YOUR ASSIGNMENT
Line count for "yellow": state how many lines of the listing below contain it, without anything else.

GIVEN ENTRIES
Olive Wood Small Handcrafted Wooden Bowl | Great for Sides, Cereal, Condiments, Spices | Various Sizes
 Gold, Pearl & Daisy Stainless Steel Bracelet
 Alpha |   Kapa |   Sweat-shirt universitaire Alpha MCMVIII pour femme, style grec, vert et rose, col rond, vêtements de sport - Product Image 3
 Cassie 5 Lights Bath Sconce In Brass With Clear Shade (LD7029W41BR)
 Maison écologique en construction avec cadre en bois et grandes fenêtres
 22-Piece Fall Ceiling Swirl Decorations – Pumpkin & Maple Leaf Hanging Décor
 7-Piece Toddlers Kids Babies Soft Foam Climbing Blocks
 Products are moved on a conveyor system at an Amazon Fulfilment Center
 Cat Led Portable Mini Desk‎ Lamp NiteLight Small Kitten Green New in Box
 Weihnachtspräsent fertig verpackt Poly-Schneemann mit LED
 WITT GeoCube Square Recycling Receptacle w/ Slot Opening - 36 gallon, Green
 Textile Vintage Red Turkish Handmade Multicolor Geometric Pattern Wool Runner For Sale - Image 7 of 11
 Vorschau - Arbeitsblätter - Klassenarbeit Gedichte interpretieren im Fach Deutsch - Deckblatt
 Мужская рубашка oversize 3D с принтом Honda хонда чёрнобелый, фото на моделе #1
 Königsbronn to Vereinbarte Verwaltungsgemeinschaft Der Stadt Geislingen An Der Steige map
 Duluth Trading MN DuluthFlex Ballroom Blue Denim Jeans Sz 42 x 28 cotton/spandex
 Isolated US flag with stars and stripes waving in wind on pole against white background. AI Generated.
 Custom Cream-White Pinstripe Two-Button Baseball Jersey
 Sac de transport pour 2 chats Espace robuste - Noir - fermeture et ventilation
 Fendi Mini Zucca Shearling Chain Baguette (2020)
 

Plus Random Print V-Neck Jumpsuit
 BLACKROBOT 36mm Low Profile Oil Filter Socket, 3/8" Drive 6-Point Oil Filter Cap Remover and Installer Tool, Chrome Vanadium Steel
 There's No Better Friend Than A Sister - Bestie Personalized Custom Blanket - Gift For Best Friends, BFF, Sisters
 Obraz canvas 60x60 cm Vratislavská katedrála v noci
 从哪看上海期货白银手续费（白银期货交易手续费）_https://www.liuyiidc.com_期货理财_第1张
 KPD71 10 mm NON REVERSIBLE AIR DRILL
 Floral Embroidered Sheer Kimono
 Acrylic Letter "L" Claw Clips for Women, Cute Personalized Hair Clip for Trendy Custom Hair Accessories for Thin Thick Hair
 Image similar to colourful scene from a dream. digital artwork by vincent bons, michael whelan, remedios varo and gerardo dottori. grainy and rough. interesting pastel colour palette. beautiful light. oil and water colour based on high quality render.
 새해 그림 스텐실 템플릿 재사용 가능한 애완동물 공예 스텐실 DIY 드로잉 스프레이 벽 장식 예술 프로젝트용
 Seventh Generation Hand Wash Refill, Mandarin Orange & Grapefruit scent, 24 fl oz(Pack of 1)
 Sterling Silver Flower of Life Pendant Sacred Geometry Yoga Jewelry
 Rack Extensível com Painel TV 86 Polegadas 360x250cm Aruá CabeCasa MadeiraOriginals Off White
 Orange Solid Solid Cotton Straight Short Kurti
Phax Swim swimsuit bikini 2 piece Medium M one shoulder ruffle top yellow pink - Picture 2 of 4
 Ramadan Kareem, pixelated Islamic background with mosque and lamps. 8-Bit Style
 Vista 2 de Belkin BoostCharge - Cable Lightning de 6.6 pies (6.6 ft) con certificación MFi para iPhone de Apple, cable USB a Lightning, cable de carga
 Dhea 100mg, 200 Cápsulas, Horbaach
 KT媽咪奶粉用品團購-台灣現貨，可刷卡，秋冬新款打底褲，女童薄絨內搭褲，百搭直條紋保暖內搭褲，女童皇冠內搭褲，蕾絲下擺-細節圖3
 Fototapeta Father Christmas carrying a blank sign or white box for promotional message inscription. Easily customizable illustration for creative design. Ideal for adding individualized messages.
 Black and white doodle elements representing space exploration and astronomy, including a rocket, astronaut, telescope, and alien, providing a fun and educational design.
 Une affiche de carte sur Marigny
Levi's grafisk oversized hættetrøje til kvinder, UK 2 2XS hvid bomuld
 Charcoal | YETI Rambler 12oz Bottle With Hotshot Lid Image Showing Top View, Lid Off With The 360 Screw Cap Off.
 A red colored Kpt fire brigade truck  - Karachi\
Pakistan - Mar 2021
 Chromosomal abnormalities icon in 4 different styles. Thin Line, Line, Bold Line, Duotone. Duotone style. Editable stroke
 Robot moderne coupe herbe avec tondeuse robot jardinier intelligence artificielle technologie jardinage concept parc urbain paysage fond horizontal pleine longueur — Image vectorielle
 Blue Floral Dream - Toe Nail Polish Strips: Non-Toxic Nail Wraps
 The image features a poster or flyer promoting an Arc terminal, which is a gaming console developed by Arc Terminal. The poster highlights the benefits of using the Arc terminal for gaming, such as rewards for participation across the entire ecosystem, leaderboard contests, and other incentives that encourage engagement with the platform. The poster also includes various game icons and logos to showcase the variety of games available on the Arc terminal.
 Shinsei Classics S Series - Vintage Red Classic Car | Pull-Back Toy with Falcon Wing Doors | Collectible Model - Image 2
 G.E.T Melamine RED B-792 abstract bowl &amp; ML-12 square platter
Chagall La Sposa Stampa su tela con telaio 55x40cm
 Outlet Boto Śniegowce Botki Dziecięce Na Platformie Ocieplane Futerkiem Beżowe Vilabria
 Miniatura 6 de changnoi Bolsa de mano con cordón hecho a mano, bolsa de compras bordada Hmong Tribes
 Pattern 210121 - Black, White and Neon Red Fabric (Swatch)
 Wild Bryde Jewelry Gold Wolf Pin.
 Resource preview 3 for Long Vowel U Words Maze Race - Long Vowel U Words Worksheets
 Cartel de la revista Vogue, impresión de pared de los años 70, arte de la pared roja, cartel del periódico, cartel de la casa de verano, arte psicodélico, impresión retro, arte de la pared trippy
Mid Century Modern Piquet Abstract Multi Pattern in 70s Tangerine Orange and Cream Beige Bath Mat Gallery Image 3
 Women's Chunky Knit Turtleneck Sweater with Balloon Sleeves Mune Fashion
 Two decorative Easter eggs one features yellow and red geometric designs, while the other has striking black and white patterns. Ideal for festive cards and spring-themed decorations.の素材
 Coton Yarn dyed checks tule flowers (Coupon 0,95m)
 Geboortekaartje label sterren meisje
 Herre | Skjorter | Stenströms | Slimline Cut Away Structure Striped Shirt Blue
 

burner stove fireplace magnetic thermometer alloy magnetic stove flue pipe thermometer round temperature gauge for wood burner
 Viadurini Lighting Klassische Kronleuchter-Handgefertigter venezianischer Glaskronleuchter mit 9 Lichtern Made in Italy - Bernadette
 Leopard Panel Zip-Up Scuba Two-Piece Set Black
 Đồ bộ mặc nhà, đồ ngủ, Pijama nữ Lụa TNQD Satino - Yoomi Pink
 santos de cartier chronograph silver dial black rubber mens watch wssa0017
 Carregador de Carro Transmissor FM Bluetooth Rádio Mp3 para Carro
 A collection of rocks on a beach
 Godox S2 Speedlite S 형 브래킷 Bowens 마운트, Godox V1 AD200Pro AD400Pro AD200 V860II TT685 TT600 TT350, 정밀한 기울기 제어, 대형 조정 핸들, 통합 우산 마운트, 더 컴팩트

SOLUTION TO THIS PROBLEM
2